Historical analysis provides some guidance on how schools perform after a reset, but keep in mind that we are also entering ahistorical times.
We compiled 10 years of tuition data from the National Center for Education Statistics (NCES) in order to explore this question. Our analysis identified all private not-for-profit institutions that decreased listed tuition and fees by more than 3% in any year between 2009 and 2017. We then followed key enrollment metrics, including application volume, yield, first-time enrollments, discount rates, and further changes in listed tuition and fees, in the ensuing five years after the initial decrease.
The data showed that significant price changes were the exception and made by a rare breed of institution. Just 57 private not-for profit institutions made a tuition decrease of this kind during this time period. These institutions were generally small, with an average first-time enrollment of 265 in the year prior to the price change.
Some schools made bolder moves than others, though. Roughly half decreased listed tuition and fees by 18% or more, the other half by 17% or less. Did these different pricing strategies make a difference to the metrics in the following years?

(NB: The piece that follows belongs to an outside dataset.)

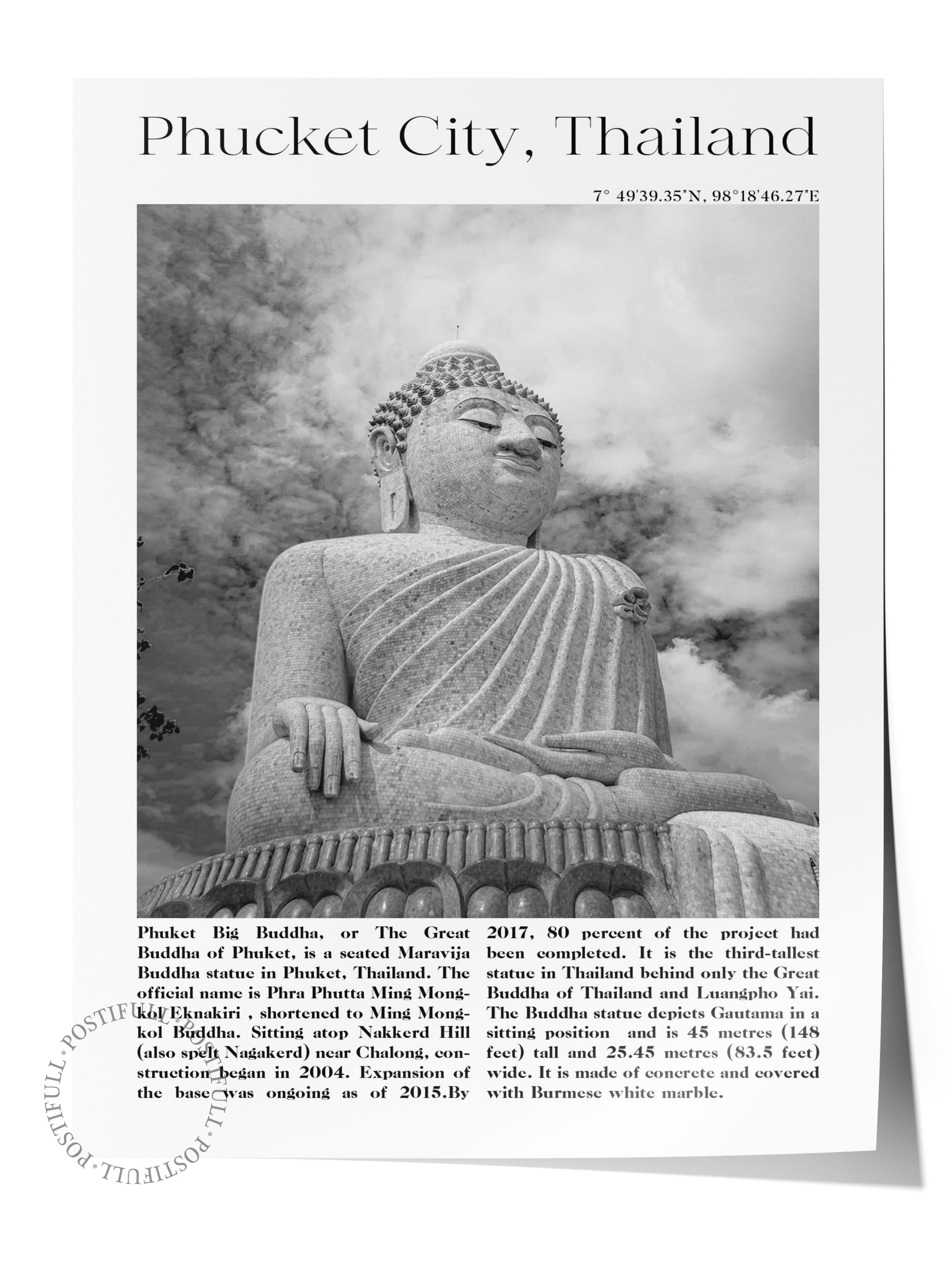 Phucket - Tayland, Şehir Temalı Poster, Çerçevesiz Duvar Posteri, NO:30034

Figure 1 shows what happened to the enrollment metrics for those institutions that made bigger decreases (18% or more): the very definition of regression to the mean.
Figure 1.
In the year prior to their tuition price resets, these institutions had median listed tuition and fees of $23,000, a median application volume of 875 students, and a median enrollment of 146 students. After the price reset, they saw an initial bump in applications that returned to the baseline after five years. They saw an initial drop in discount rates that climbed back and sustained a new low just below the baseline after five years. Yield saw an initial dip, but stabilized after five years. Enrollments stayed steady throughout.

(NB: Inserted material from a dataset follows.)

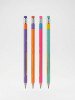 Crayons à Papier Pop HB Algo | Crayons Graphite Triangulaires avec Gomme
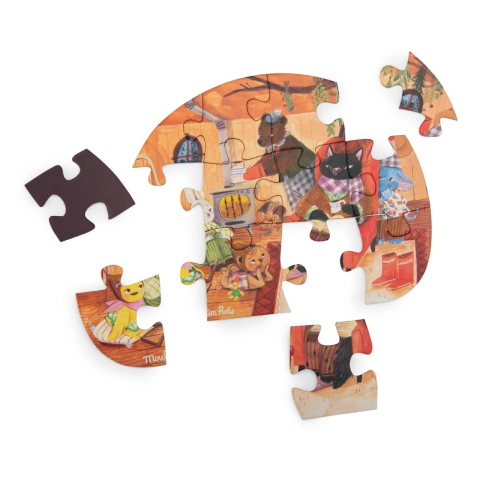 Set 4 mini puzzle-uri O zi perfecta, Moulin Roty Baiat, Fata, varsta 3 - 6 ani, 6 - 9 ani [4]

This indicates that if you are looking for a stabilized discount rate, a substantial drop in tuition might do the trick. It also indicates that there may be no panacea for enrollment.
Figure 2 shows what happened to the half of institutions that made more moderate changes (decrease of 4%-17%) to listed tuition and fees.
Figure 2.
In the year prior to their price decreases, these institutions had median listed tuition and fees just shy of $17,000, a median application volume of 486 students, and a median enrollment of 151 students. For these institutions that made smaller commitments to listed price reductions, the results were quite different. These schools saw sustained application and enrollment growth, but they also saw sustained growth in their discount rates. Their tuition and fees not only returned to the baseline rate, but rose above the initial level after five years.
At this point you might be wondering, what was the strategic purpose behind these different pricing decisions and how were they supported?
When looking at medians, it is important to keep in mind that there are many individual stories to tell behind the data. In this case, some institutions set out to stabilize or grow headcount and others sought to stabilize net revenue. Some had successful implementations of pricing strategy, while others did not.
In either case, these overall metrics reveal only a slice of the whole story. Individual institutions can have enormously divergent results depending on their strategies, implementations, and market conditions—a topic covered in our forthcoming report on this subject.
Are these the right market conditions for tuition price resets?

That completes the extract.